Monday, October 28, 2019

Dream a Little Dream

💫 Dream Big ! 💫
Do you remember your dreams?  Do you dream in color?  Do you have reoccurring dreams?

We dream every night.  Or at least in every sleep.  Sometimes that means a nap.  We might not always remember those dreams, but our brains remain active still.  Just on a different level.

I typically have the most active dreams right before I wake up.  And then I'm often left confused and/or amused.  Sometimes frustrated.  And always trying to analyze.  Sometimes I figure it out.  Others it just makes me laugh because it's so ridiculous.

I fell asleep after I ate dinner earlier this evening.  I often fall asleep to the news or a re-run of Big Bang Theory.  Then I slowly come out of my brief slumber.  And shake off the grogginess.

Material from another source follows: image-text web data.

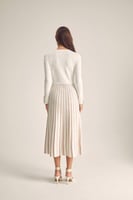 فستان مقلم بتفاصيل لامعة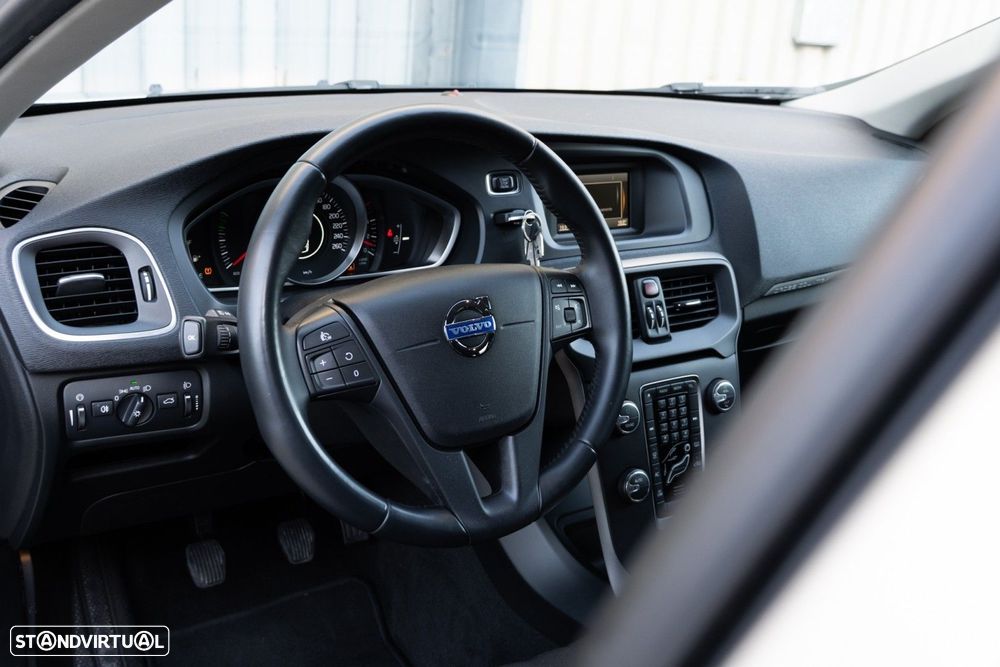 Volvo V40 Cross Country 1.6 D2 Kinetic - 11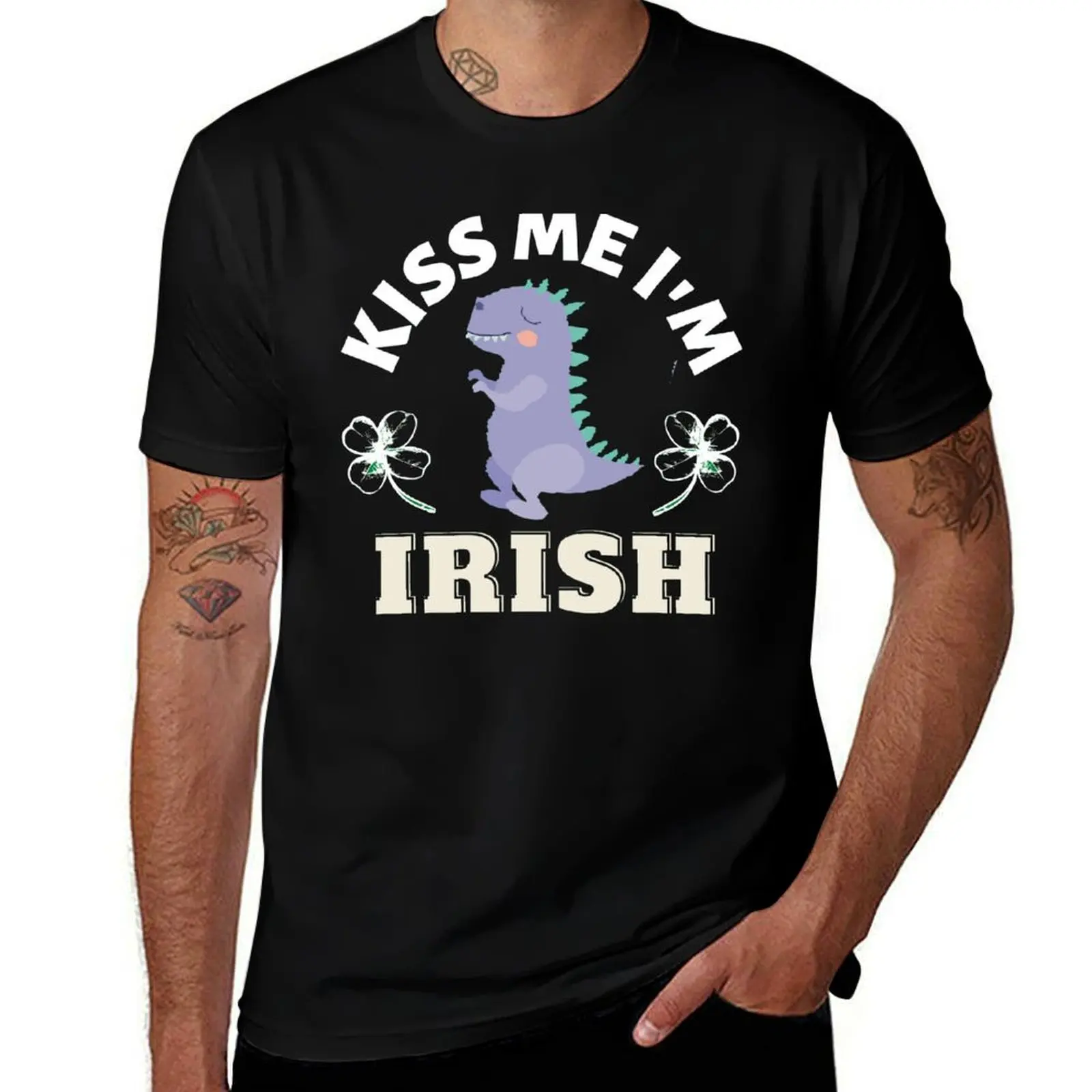 

Kiss Me Im Irish Funny T-Shirt Casual Basic Street Style T-Shirt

Tonight, I had some unusual post-dinner nap dreams.  One which related to my struggle with having a kitchen light that is currently burnt out.  My ceilings are really tall, and the light fixture itself is quite tricky, so I've been hesitant to change it alone since it requires using a very tall ladder.  I don't want to climb the damn thing without another person to spot me if you know what I mean.

The other parts of my dream?  Well...I guess you could say I had "a visitor" who is no longer on this planet pop up in my head.  Maybe there's a bit of guilt associated with this episode, maybe just missing the loss and wanted one more visit to give my love.  Maybe he misses me too.  I still miss my kitty.  Does that make me weird?

The other thing?  Because typically my dreams have three themes.  Well...I blame falling asleep to the Big Bang.  A fun show with nerdy guys.  No, it wasn't "one of those dreams", but in my hardened heart or perhaps, not so hardened, I do miss having a guy.  Maybe I'm missing something and I just don't see it.  I'm not looking for Mr Perfect and I do like the quirky kind of people, but maybe, just maybe, there will be someone for me after all.  Maybe I'm just really sad about not having a person in my life and not really honoring that feeling.  But I think I honor that loss fairly well anyway.   Again, I blame the TV show.  Maybe it was the wine.  haha...

Dreams are powerful.  Sometimes they are all telling, sometimes predictory.  Sometimes it's just your mind's way of clearing out the search history of your brain so you can load up with other dreams that are much more worthwhile.  And hopefully happy ones.  Until next time...elizinashe
😴 Sweet Dreams 😴



Sunday, October 6, 2019

It's a Quiet Sunday

Just a Quick Jaunt
Fall has finally arrived.  We had a twenty degree drop in temperatures yesterday and it has been a welcomed event for me.  Time to slow it down...got some crock pot magic percolating, asparagus to steam and some wine for my nightly indulgence.  It might be a good time to clear off the kitchen table too.  It's a hot mess right now.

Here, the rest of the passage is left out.